Brief descriptive captions:
★ ★ ★ ★ ★ ★ ★
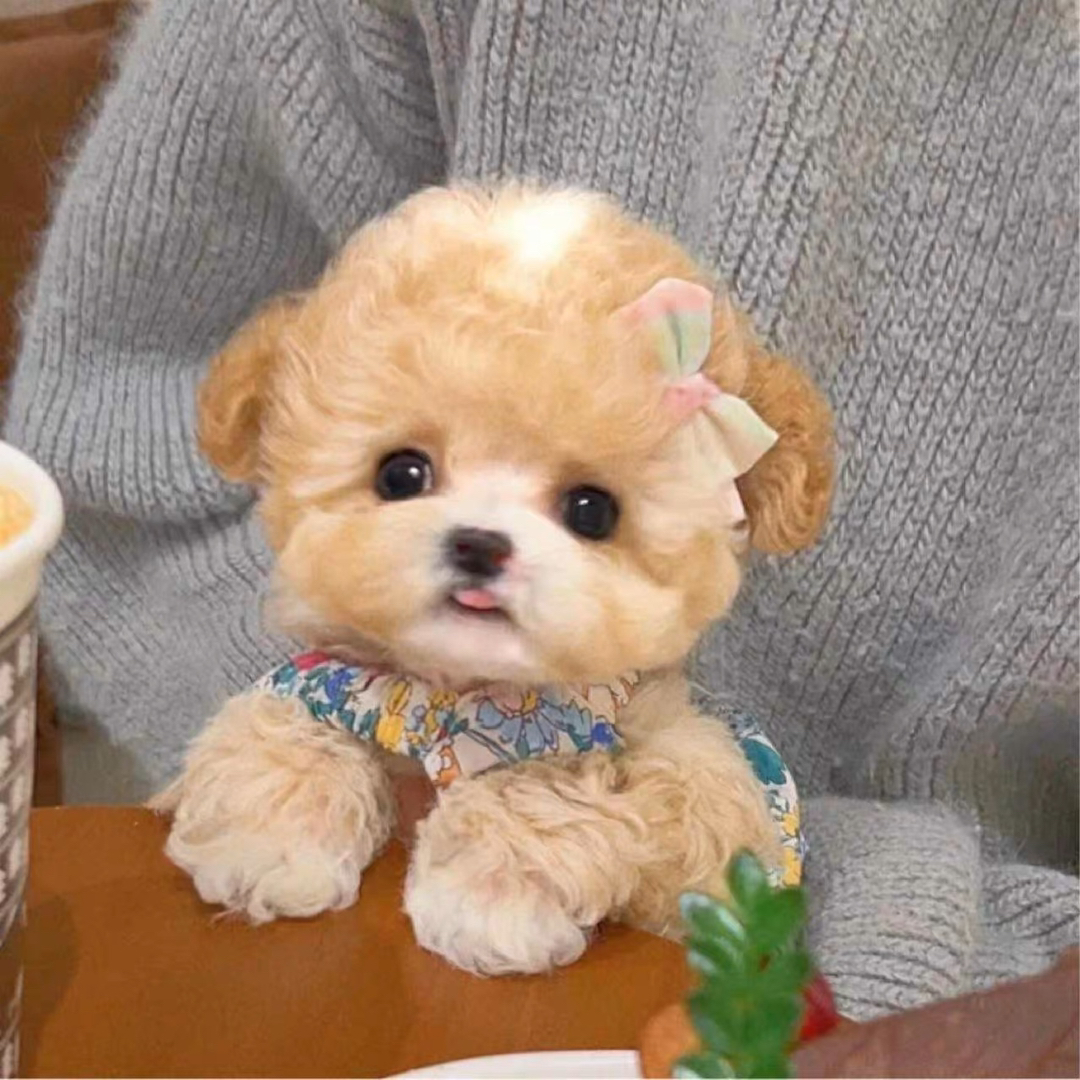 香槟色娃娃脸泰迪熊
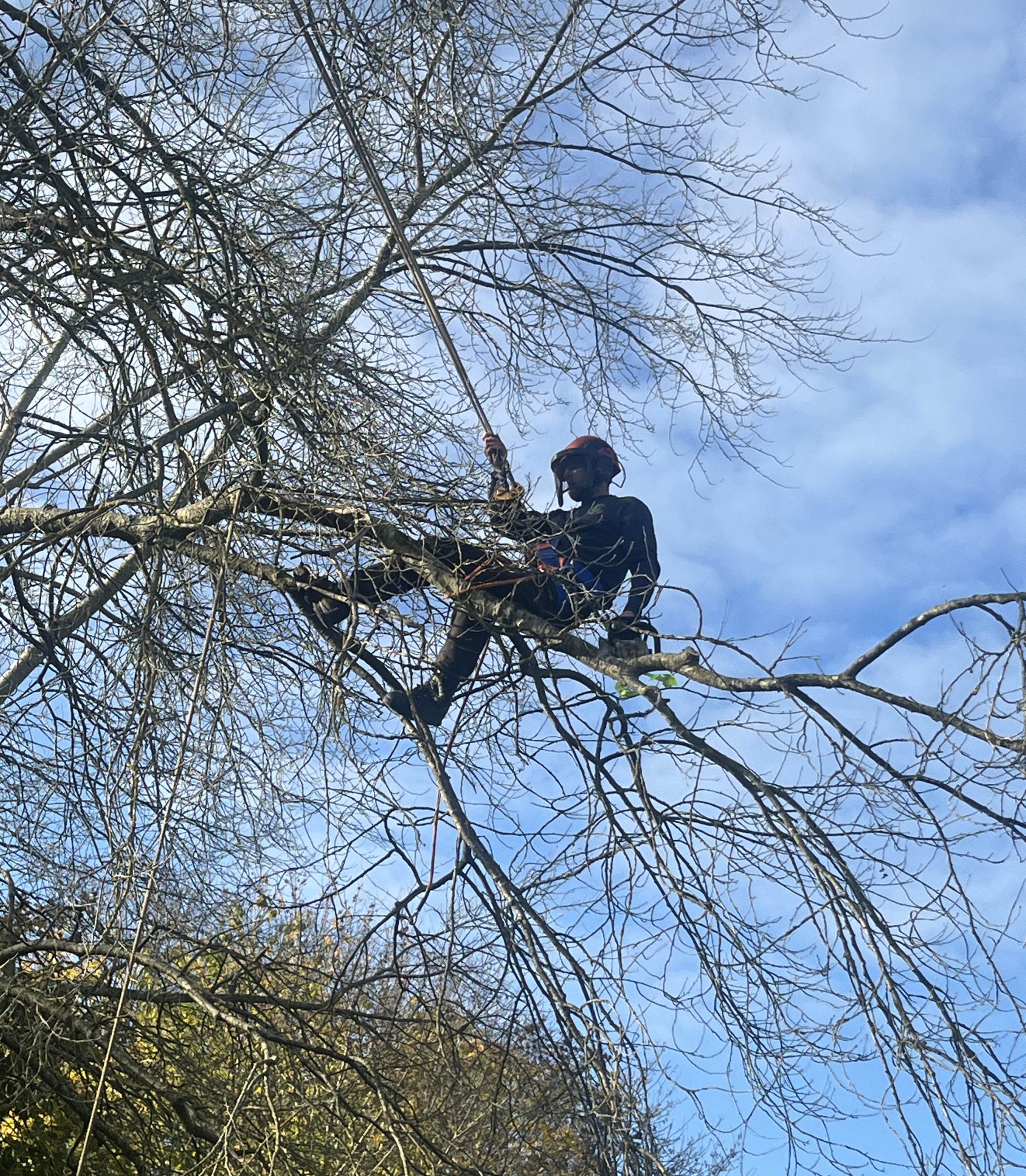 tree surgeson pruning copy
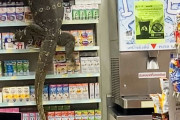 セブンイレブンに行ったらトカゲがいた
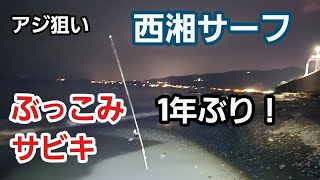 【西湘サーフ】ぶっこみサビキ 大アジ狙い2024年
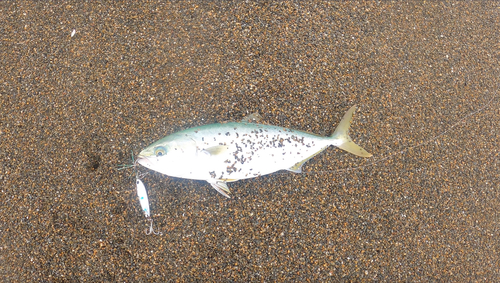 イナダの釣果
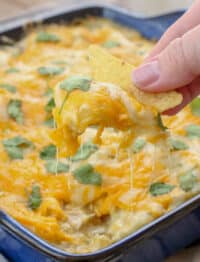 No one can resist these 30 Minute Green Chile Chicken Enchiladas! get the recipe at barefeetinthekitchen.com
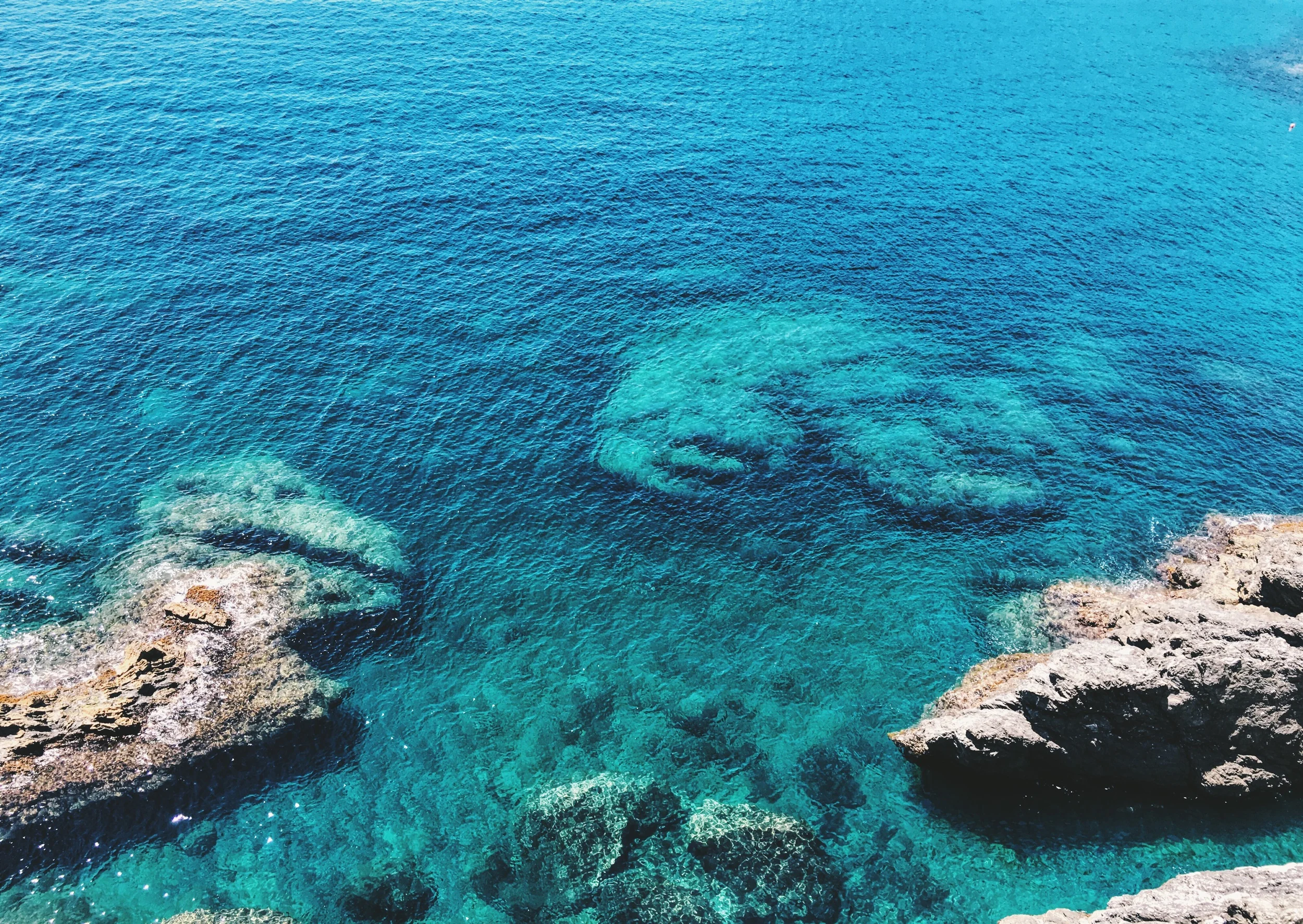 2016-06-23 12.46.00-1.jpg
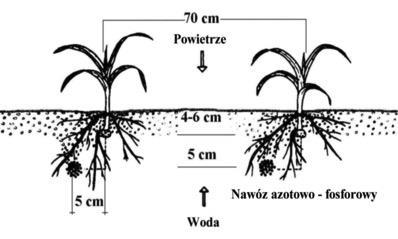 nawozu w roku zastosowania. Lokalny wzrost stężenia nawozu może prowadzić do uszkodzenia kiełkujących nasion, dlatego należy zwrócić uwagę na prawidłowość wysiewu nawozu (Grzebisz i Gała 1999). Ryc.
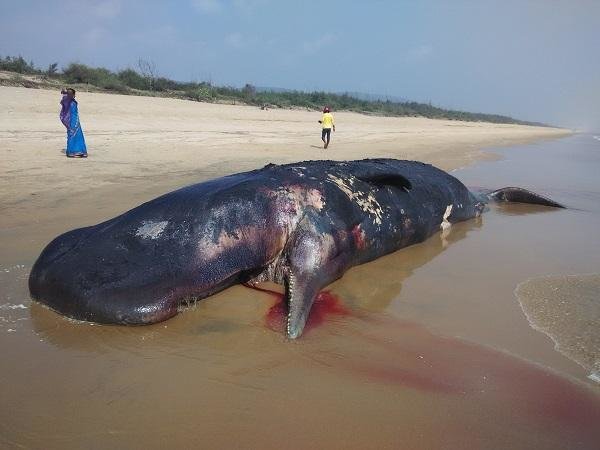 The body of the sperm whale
★ ★ ★ ★ ★ ★ ★
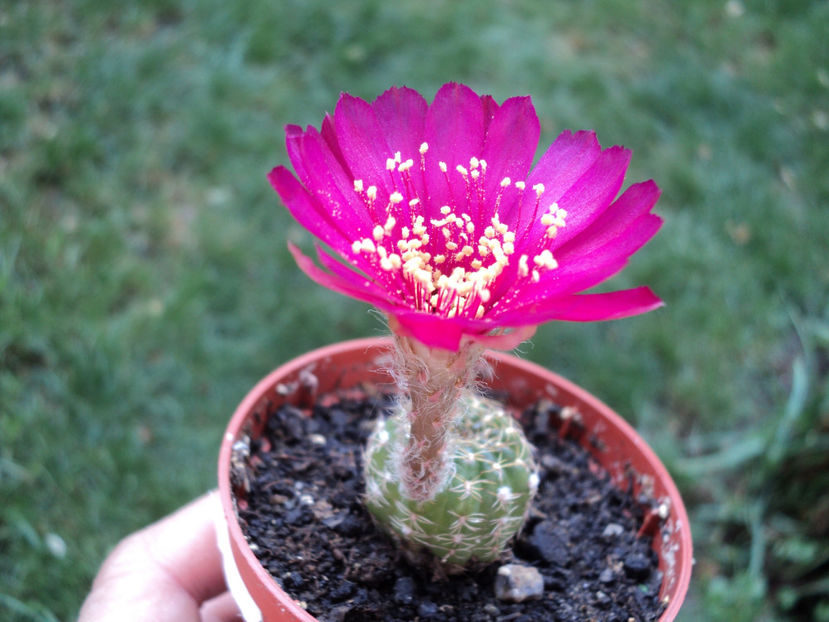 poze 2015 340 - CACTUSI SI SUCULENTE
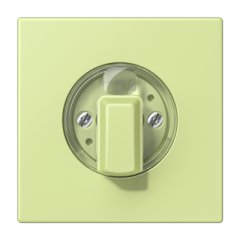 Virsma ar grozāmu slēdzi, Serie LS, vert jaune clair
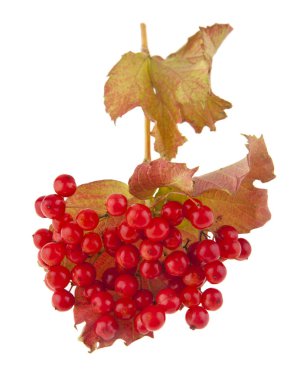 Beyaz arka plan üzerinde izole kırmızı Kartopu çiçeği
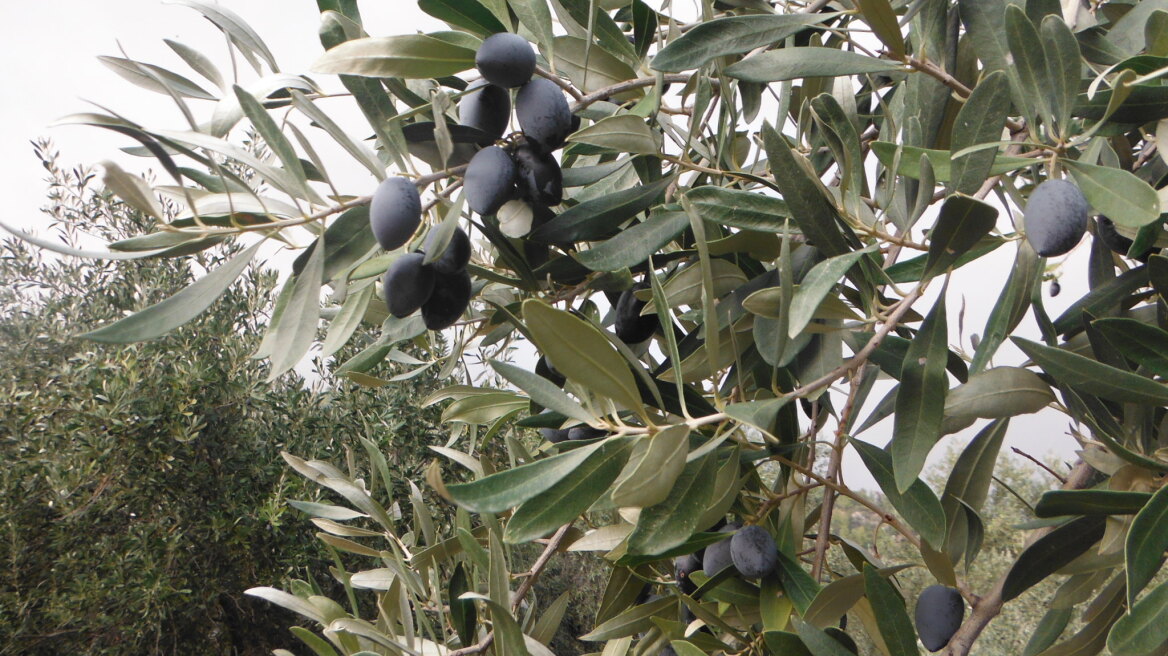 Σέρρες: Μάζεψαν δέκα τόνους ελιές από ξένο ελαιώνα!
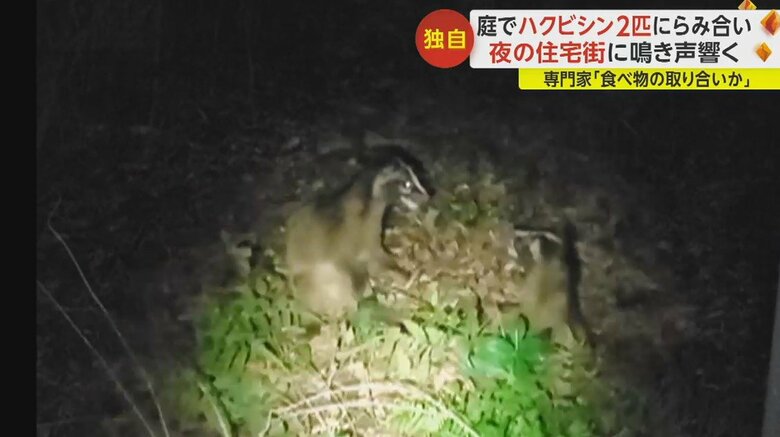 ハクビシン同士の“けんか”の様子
★ ★ ★ ★ ★ ★ ★
When copying from the data above, begin at the line containing "2016-06-23 12.46.00-1.jpg" and end at the line containing "The body of the sperm whale"; return those lines exactly and leave all pictures behind.

 2016-06-23 12.46.00-1.jpg
 nawozu w roku zastosowania. Lokalny wzrost stężenia nawozu może prowadzić do uszkodzenia kiełkujących nasion, dlatego należy zwrócić uwagę na prawidłowość wysiewu nawozu (Grzebisz i Gała 1999). Ryc.
 The body of the sperm whale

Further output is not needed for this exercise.